He strides towards the gunwale, rod in hand and Riley goes over the specifics of operating the device; how to hold it, where the switch is for letting line out or reeling it in, how to tell when the sinker hits the bottom. As with everything, Jason listens intently, soaking it all in. Once the boy is comfortable, Riley comes up to Bruce.
“So Bruce, you want to drop in a line as well?”
Bruce shrugs, “Sure. Why not.”
He eyes the squid bits distastefully and opts to let Riley bait his rig for him. He stands next to Jason at the rail and watches his rig sink, quickly disappearing into the murky green water. And then they wait. And wait.
And wait some more. Jason shifts his weight from foot to foot. After years of stake outs and playing long drawn out games of cat and mouse with super villains, Bruce is a patient man. But even he is starting to wonder how on earth this activity is considered fun and relaxing. He glares harder at the water. Jason huffs, his less developed patience breaks.
“Where the hell are all the fish? C’mon fuckers aren’t you hungry?” Jason yells and bounces his pole up and down a bit.
Riley laughs and convinces them to give it another ten minutes. He waxes poetic on how catching fish isn’t necessarily the point of fishing but being out in nature and just having fun. Jason isn’t shy about telling him how stupid that is. They don’t catch any fish. Marty decides to try another spot and swings them out closer to the bridge tunnel. They drop their lines again. Another five minutes of inaction has Jason swearing under his breath. Then he yelps.
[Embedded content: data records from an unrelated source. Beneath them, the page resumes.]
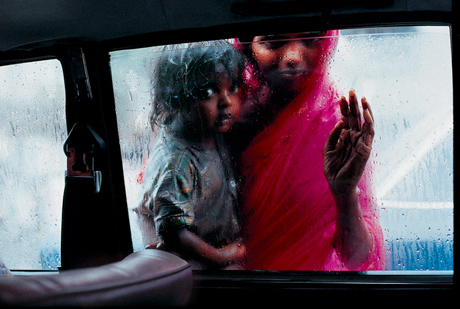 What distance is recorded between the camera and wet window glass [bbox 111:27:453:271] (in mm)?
1581

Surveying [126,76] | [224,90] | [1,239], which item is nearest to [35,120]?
[126,76]

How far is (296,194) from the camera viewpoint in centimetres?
172

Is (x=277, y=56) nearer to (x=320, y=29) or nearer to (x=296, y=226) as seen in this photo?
(x=320, y=29)

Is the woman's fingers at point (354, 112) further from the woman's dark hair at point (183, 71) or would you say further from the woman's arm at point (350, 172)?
the woman's dark hair at point (183, 71)

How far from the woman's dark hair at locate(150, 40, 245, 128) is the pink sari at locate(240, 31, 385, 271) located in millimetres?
398

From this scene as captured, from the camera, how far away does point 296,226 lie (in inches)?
67.7

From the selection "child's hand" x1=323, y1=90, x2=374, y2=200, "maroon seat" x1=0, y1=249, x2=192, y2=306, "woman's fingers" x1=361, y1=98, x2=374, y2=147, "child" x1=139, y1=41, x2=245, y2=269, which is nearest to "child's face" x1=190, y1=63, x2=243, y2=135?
"child" x1=139, y1=41, x2=245, y2=269

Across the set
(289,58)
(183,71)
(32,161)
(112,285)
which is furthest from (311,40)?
(32,161)

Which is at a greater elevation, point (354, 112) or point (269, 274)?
point (354, 112)

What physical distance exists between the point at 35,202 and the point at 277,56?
5.22 ft

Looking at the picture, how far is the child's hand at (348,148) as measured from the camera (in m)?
1.61

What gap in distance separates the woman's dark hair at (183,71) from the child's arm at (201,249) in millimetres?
631

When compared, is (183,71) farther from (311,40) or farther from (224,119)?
(311,40)

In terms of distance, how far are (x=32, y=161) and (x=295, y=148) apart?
1.48 m
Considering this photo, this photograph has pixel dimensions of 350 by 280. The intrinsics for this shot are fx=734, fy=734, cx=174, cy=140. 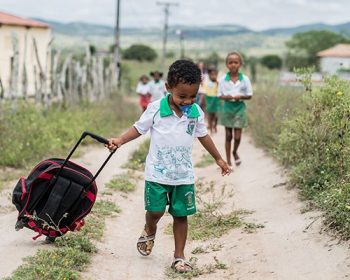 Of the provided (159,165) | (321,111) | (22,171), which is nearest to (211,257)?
(159,165)

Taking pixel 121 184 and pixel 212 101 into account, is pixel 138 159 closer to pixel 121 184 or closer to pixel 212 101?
pixel 121 184

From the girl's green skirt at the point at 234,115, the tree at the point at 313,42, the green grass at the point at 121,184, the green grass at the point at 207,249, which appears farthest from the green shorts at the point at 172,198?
the tree at the point at 313,42

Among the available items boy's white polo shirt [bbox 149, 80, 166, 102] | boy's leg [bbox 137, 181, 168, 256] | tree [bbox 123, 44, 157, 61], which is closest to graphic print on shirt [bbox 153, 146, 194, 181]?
boy's leg [bbox 137, 181, 168, 256]

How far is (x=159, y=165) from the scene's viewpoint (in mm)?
5891

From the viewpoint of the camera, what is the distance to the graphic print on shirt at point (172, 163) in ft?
19.2

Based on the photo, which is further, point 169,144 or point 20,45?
point 20,45

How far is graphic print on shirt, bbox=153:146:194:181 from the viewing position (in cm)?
587

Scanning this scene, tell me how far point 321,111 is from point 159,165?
2862mm

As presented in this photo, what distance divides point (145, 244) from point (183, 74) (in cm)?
154

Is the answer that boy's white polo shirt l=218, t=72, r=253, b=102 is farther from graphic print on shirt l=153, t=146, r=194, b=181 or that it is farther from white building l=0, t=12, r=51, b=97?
white building l=0, t=12, r=51, b=97

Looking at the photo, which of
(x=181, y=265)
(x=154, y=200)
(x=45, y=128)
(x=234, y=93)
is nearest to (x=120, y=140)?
(x=154, y=200)

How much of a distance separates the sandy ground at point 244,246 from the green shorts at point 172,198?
0.53 m

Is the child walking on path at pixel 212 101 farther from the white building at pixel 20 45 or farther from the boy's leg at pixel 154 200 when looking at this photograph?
the boy's leg at pixel 154 200

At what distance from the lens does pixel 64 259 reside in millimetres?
5605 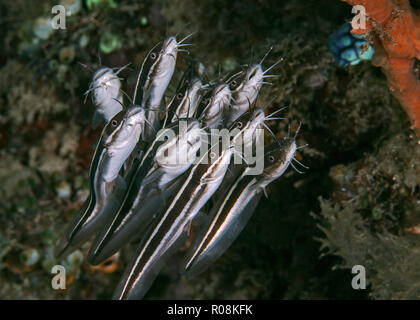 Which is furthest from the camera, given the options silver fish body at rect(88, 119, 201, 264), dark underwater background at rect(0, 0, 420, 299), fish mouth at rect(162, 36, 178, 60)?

“Something just jerked my rod!” he shouts excitedly.
Bruce bites down on his tongue to keep from laughing at the poor choice in phrasing. Riley manages to smother his snicker. Marty doesn’t bother. He belts out a full belly laugh from up above. Jason scowls at them all.
“Bunch of freaking pervs. Well?! What do I do now?”
“Reel it in and see if there’s a fish on the other end!” Riley crows.
Jason jumpstarts into action winding the line back in. The excitement drops off his face when he reels up an empty rig.
“What the hell?” Jason snarls.
“Be patient, kid. Sometimes they just nibble on it a bit but don’t swallow the hook. Next time you think you feel a nibble, wait a little bit longer for a harder hit before reeling it in.”
Jason seems unconvinced but less than two minutes later he goes stiff, one finger resting lightly on the line where it comes of the spool so he can feel vibrations up it easier.
“I think I got a nibble…” He mutters, voice tense, waiting…
The tip of his line jerks down and his grip tightens on the pole. Bruce can see the line zig and zag through the water and knows this time there’s something on the other end. Jason hollers when silver scales flash into view. He digs his elbows into his sides and doggedly continues to pull it in.
“Yeah! Just like that! Well done Jason!” Riley compliments as the fish is appears above the water line.
Jason eyes look about to pop out of his head.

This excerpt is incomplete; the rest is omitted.